# **1- KAGGLE API + DATASET**
BURAYI GOOGLE COLAB İÇERİSİNDE KAGGLE API KULLANIMI VE DATASET İNDİRMESİ İÇİN KULLANDIM.

I USED THIS TO USE THE KAGGLE API AND DOWNLOAD DATASETS WITHIN GOOGLE COLAB.

In [None]:
# DATASET EKLEME ALANI
# ADD DATASET

# **2- KÜTÜPHANELER ve GOOGLE DRIVE**
LIBRARIES + GOOGLE DRIVE

In [None]:
!pip install torchvision timm
!pip install transformers accelerate datasets
!pip install torch torchvision torchaudio --index-url https://download.pytorch.org/whl/cu128
!pip install transformers
!pip install pandas
!pip install numpy
!pip install pillow
!pip install tqdm
!pip install scikit-learn
!pip install nltk

!git clone https://github.com/tylin/coco-caption.git
!pip install pycocoevalcap

from google.colab import drive
drive.mount('/content/drive')

## **3- İLK EĞİTİM**
BURADAKİ KOD, MODEL EĞİTİMİ İÇİN BAŞLANGIÇ KODUDUR. İLK ÖĞRENİMLERİ BURADA YAPTIM. 10 EPOCH SONRA DEVAM KODUNA GEÇTİM.

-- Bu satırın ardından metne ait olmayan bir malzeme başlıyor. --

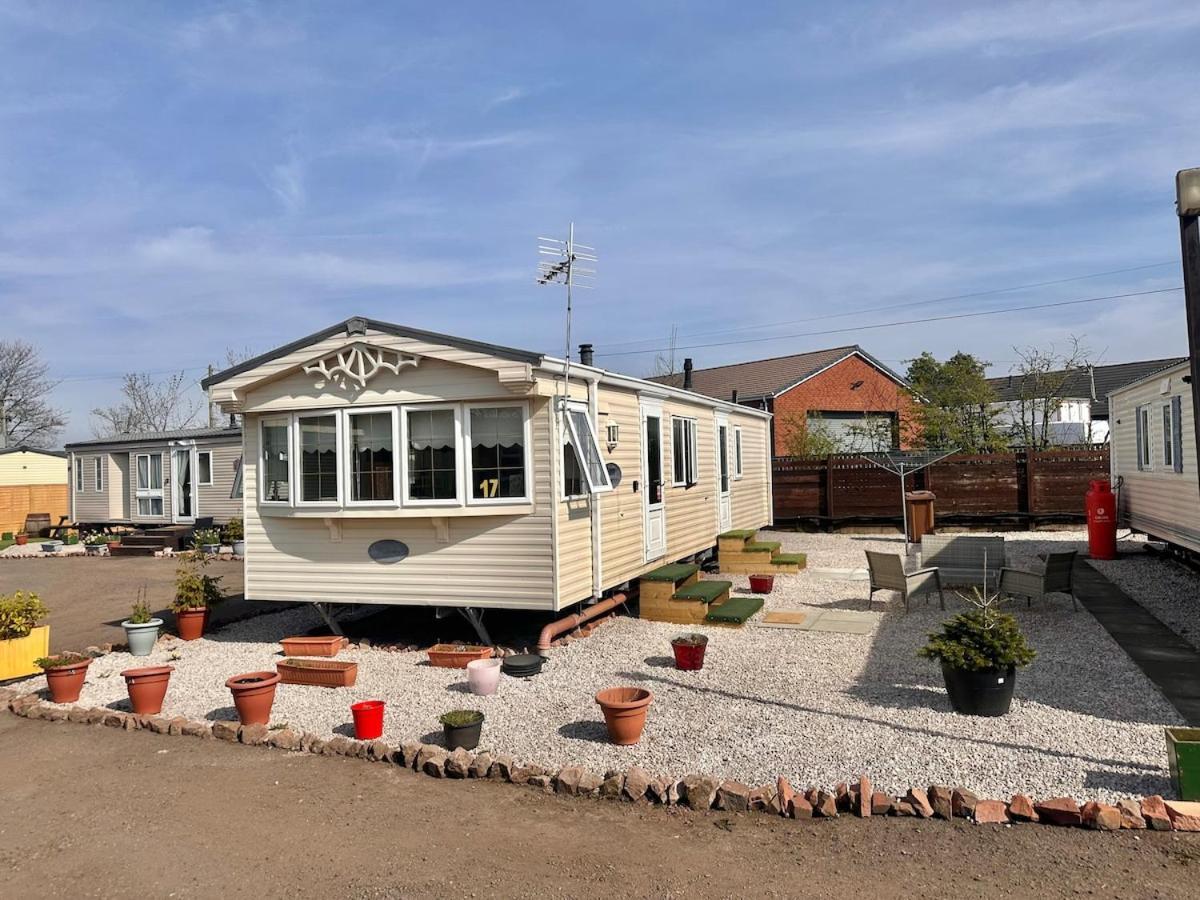 Willerby Granada 2-Bedroom Caravan, Glasgow Uddingston Exterior photo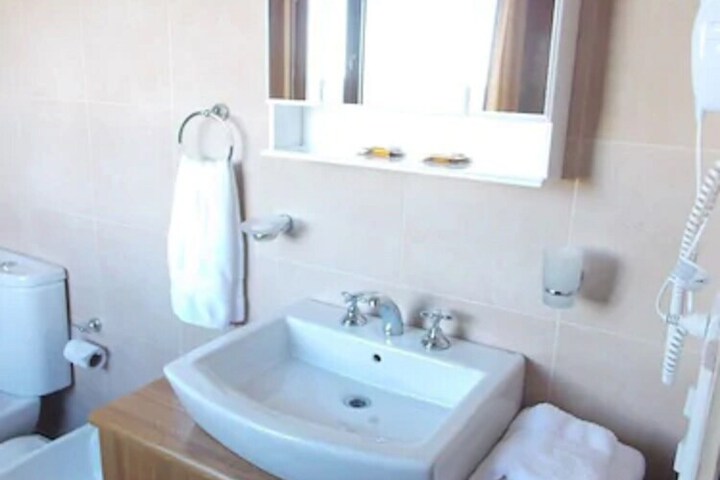 Room 15 of 29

THE CODE HERE IS THE STARTING CODE FOR MODEL TRAINING. I DID MY FIRST LEARNINGS HERE. AFTER 10 EPOCHES I SWITCHED TO THE CONTINUING CODE.

In [None]:
import os
import pandas as pd
import re
from PIL import Image
from tqdm import tqdm
import torch
from torch.utils.data import Dataset, DataLoader
from transformers import BlipProcessor, BlipForConditionalGeneration, get_cosine_schedule_with_warmup
from torch import optim
from torch.nn import CrossEntropyLoss
import torchvision.transforms as T
from sklearn.model_selection import train_test_split
from torch.cuda.amp import GradScaler
from torch.amp import autocast
from pycocoevalcap.cider.cider import Cider


device = torch.device("cuda" if torch.cuda.is_available() else "cpu")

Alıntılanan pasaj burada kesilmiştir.